Inductive techniques are all about querying the data. For example:
- Look for common patterns. In my table above, I showed how we could determine Z based on X and Y. I couldn’t tell you a priori that X and Y determine Z, but I could see it in the data.
- Get a count of distinct attribute values for a given attribute. This is a good way of finding 1:1 relationships like UserID to UserName. It’s also a good way of seeing if there is dirty data somewhere, like where someone only updated some of the rows for a particular ID and missed others.
- Build a correlation matrix for combinations of attributes. This is the most time-consuming method, but helps you find multi-attribute determinants.
One Easy Technique For Finding Boyce-Codd Normal Form
Jennifer Widom opened my mind to a great technique for turning a mega-table into an appropriately normalized data structure. Let’s show you the technique via example.
We are building software to support a Digital Marketing campaign for our employer, a record company. We want to advertise a new album, a death metal-blues mashup entitled Holes In My Heart. The product owner has given us all of the data points we need to collect and has asked for a good data model. We want to build a data model which satisfies Boyce-Codd Normal Form and prevents relevant data anomalies.
Here’s our starting mega-table, which includes every column they need:
We can get into First Normal Form by pointing out that the combination of CampaignID and AudienceTargetID is a primary key here, so we can guarantee that each row will be unique. Showing that all other aspects of 1NF hold is trivial.

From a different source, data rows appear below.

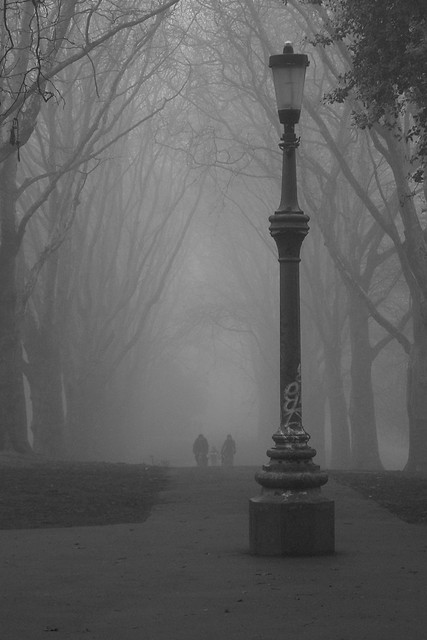 Fog In The Park_03
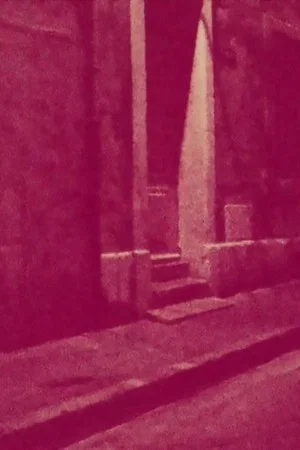 Постер: The Night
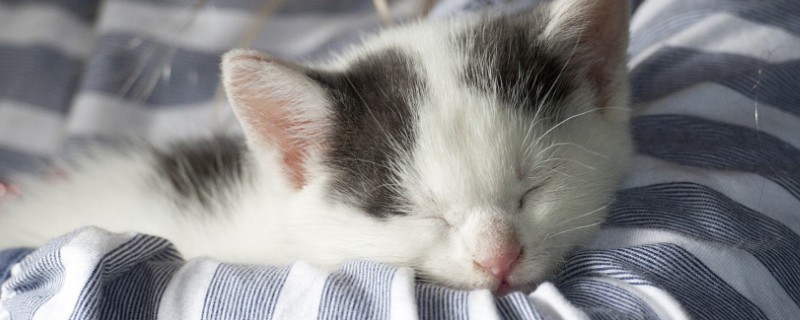小猫养多久才认主人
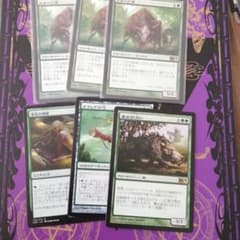 スラーグ牙　進化の飛躍　ナイレアの弓　魔女跡追いのサムネイル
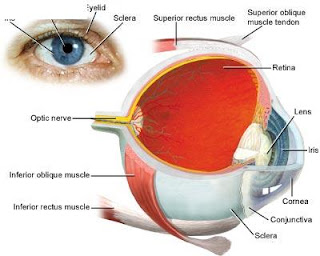 Basic Eye care tips for healthy eyes, protect eyes from computer, eye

The process for getting us into BCNF is simple:
Step 1: Find Functional Dependencies
We first need to find any functional dependencies. I don’t have any data, but I have a savvy product owner who is able to give me the following dependencies:
- CampaignID —> CampaignName, CampaignOwnerName, AgencyID, MaximumDailyBudget, MinimumBid
- AgencyID —> AgencyName, TakeRate
- AudienceTargetID —> TargetedAgeRange, TargetedGenrePreference
- CampaignID, AudienceTargetID —> AudienceBidModifier
There were some tips that helped us figure out some of these details, like how the things with “Campaign” prefixing the name are determined by CampaignID. But there were a couple more which we’d need to suss out in conversations.
Step 2: Are all determinants candidate keys?

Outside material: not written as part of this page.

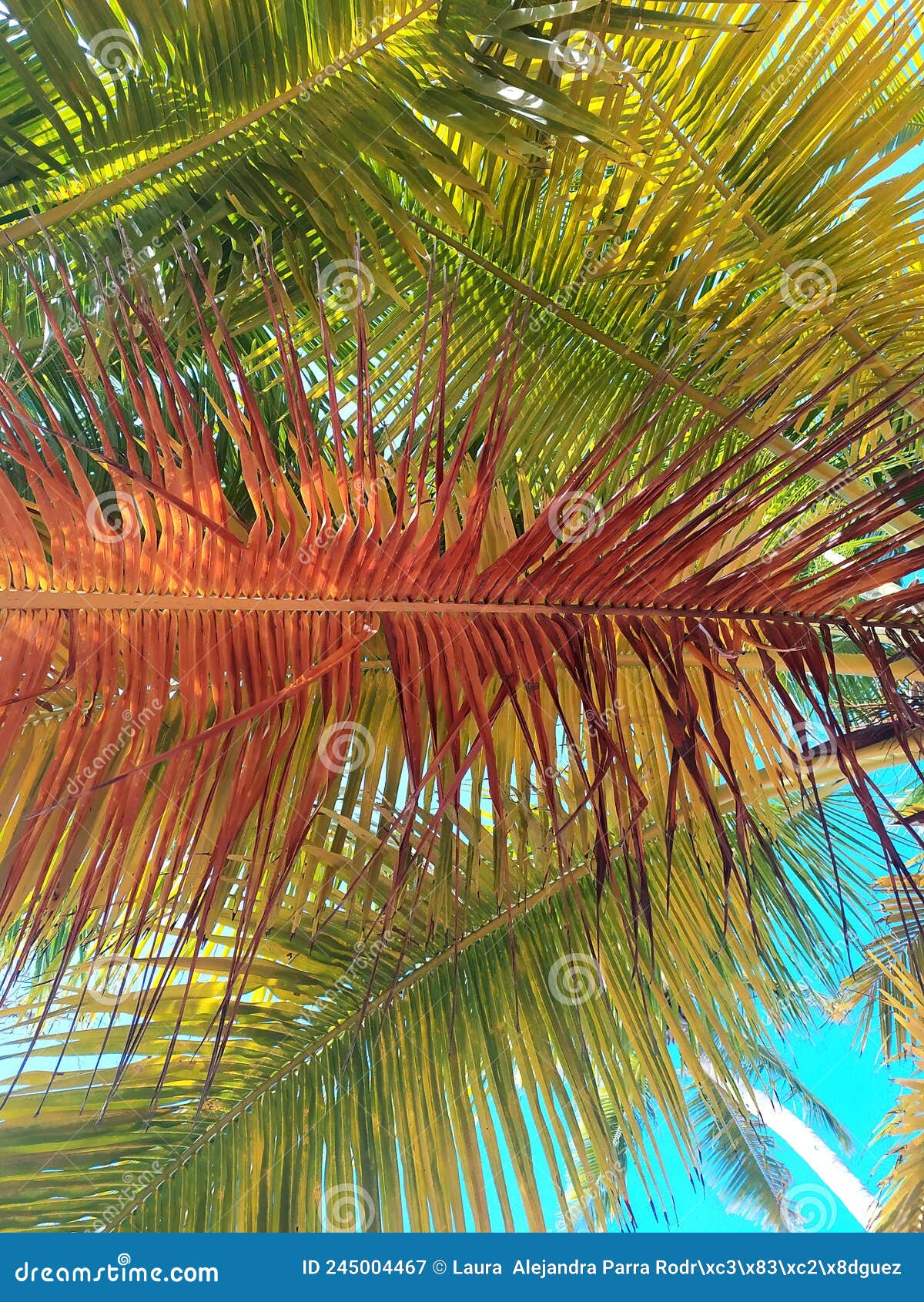 texture of palm leaves of three colors. textura de hojas de palmeras de tres colores.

It’s a pretty simple question: go through each determinant above and figure out if it is a candidate key to some entity. We only have one entity here and the only candidate key is (CampaignID, AudienceTargetID). So we can definitively answer that question with a resounding “no.”
Step 3: Break out a determinant if no
We have three determinants here which are not candidate keys, so let’s take one of them and break it out into its own table. I’m going to pick AgencyID because it’s small.
Now we have an Agency table:
And we have our new DM campaign table, now minus AgencyName and TakeRate and plus a new foreign key constraint:
Go To Step 2, Collect $200
Then we go back to step 2: checking if we’re done. We clearly aren’t, so let’s pick the next functional dependency: CampaignID. Break those columns out into a table:
Notice that we moved AgencyID to the Campaign table, so there’s still a foreign key constraint, but it won’t be on our DM Campaign table anymore. Anyhow, we once again strike the non-key columns from DM Campaign:
That table is getting a lot smaller, but we still fail step 2 because AudienceTargetID alone is a determinant, but our key is on the combination of CampaignID and AudienceTargetID. So once more into the breach:
Once we strip out those columns, we’re done. I decided to rename DM Campaign to something that makes more sense, and now we have the final data model:
This data model is in Boyce-Codd Normal Form: we are in 1NF and each determinant is a candidate key. Note that we don’t always need one table per determinant, however; there can be cases where a single table has multiple candidate keys.
We just walked through a reasonably simple example of turning a mega-table into Boyce-Codd Normal Form. By doing so, we eliminate several classes of data anomaly, and that’s critical when dealing with a transactional system which contains important data.